Vale Graham Keith Hoinville, OAM.

Graham Hoinville. Pic by B Team Rally MediaGraham Hoinville died peacefully at home on July 15 2019, aged 90 years.

The membership of the HRA is saddened by the passing of Graham Hoinville this week. It is unlikely there was anyone more respected and revered in Australian motorsport than Graham Hoinville.

Graham received a medal of the Order of Australia (OAM) in the Queens Birthday honours list in 2011, some 40 years after receiving his much cherished CAMS Award of Merit.

As a competitor Hoinville was incredibly successful. He started racing and rallying in 1949 firstly in a 1939 Singer and later an MG TC which ended up being supercharged.  That supercharger was the one used on H. Firth’s Cortina in the 1968 Australian Rally Championship, which they won.

The partnership with H. Firth won them the 1953 Alpine Rally (one of their first events together), the  first  Southern Cross Rally in 1966, came 8th in the London – Sydney Marathon and were the only Australian Ford Falcon to finish the 1962 East African Safari. They were 16th from a field of 107, at their first attempt.

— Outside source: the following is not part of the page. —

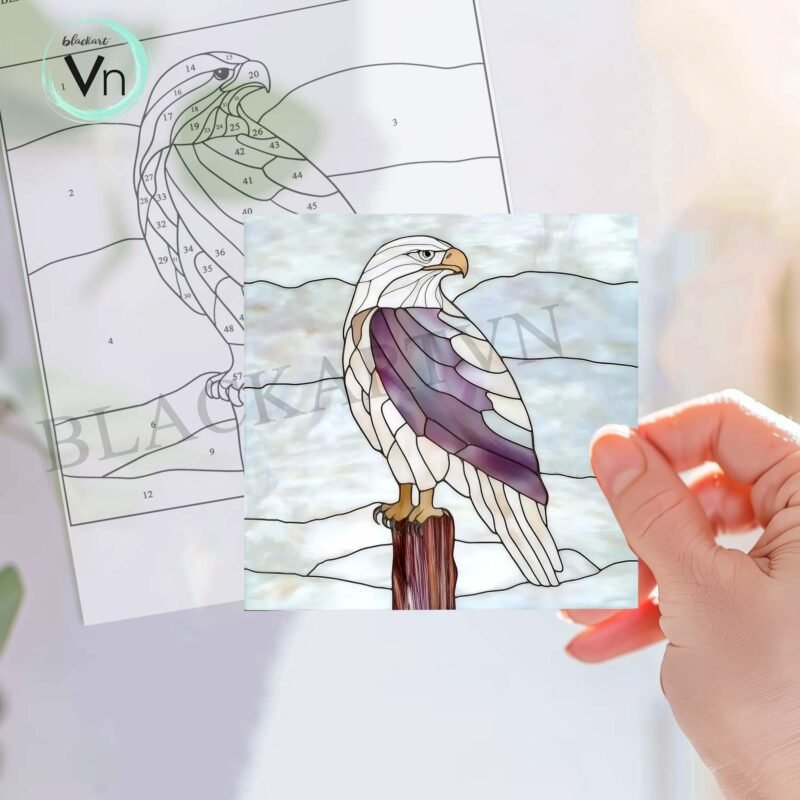 Digital Download Bald Eagle N03, Stained Glass Pattern,Modern Suncatcher,Diy Stained Glass,Easy art Hobby License Beginner to Intermediate - Image 3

Hoinville worked for BP as a lubricants engineer for many years and ironically it was the BP Rally where H. Firth scored 2 hard won victories without Hoinville.  Graham was for many years on the organising team rather than a competitor so there could be no whiff of conflict of interest between employee and event sponsor. Hoinville and Firth competed together in the forerunner of the BP Rallies, the Sun Rallies held from 1953 to 1957. The Sun and the BP were organized by D.K.Thomson. Given that Hoinville, with DKT were so synonymous with organizing those BP rallies, some may be surprised to learn that Hoinville did compete in the first BP rally in 1958 with Firth.

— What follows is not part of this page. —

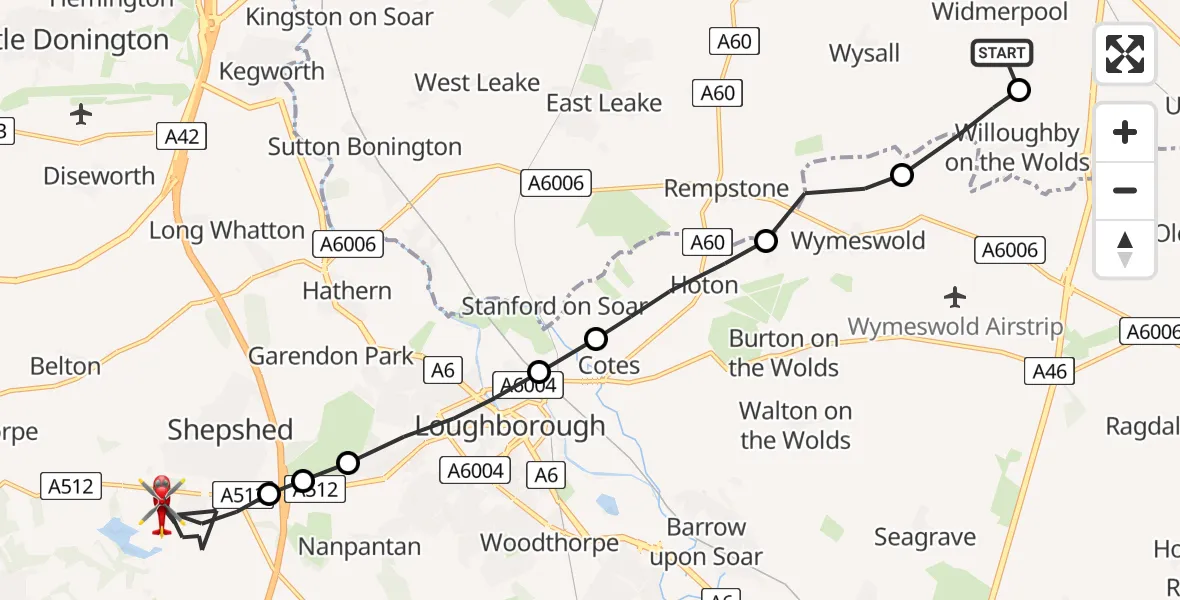 Flight route Air Ambulance Helicopter Widmerpool - Shepshed, 08 June 2026, 15:08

When the Australian Automobile Association withdrew from controlling motorsport suddenly, Graham, a well regarded engineer, found himself Chairman of the Technical Committee of the newly founded CAMS.

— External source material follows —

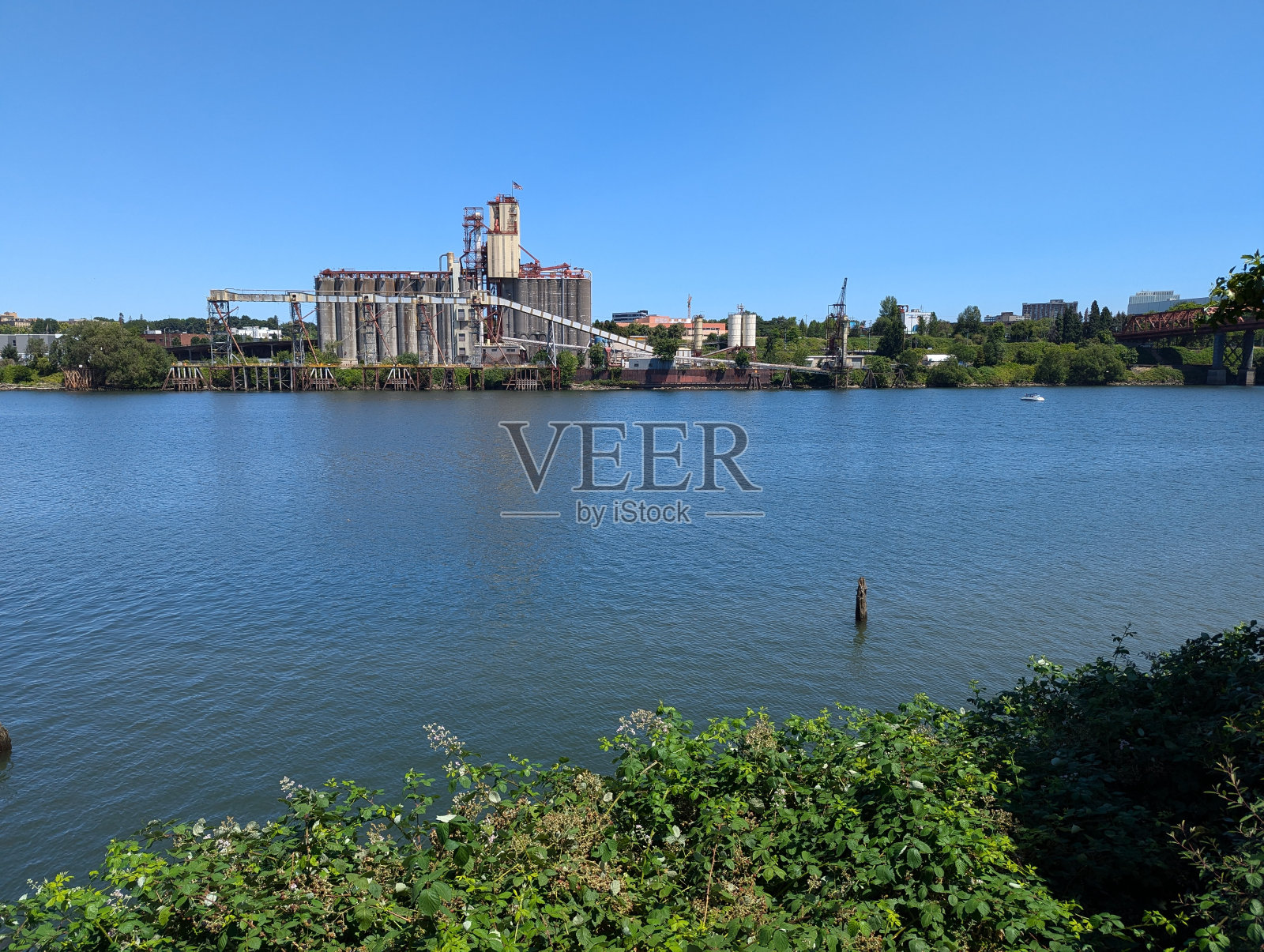 威拉米特河上的港口景色。波特兰，俄勒冈，美国照片摄影图片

Hoinville sat on the Historics commission for 27 years and was instrumental in the creation of the CAMS judicial system, which in turn saw the establishment of the CAMS Eligibility Committee. He was its chair for more than 30 years.

Though giving rallies away in 1968, Graham continued to compete in Mud Trials, Motorkhana’s, Hillclimbs and Historic motorsport events well in to this century, in a variety of cars, including an Elfin.

The HRA extends sympathy and sincere thanks for Graham’s life to his wife Dorothea, four children Greg, Karen, Jeff and Steve and eight grandchildren.  The family’s announcement of Graham Hoinville’s passing in the Age newspaper ended simply with “A full and uncomplicated life.”

Memorial Details:

A Memorial Service to celebrate the Life of Graham Keith Hoinville will be held on MONDAY July 22, 2019  at 2.00 p.m.in at  Tobin Brothers Reflections of Life Chapel, 816 Doncaster Road, Doncaster. (corner of D’Arcy Street)

Please join the family for refreshments at the conclusion of the service.

In lieu of flowers, donations may be made to Dementia Australia. Envelopes will be available at the chapel.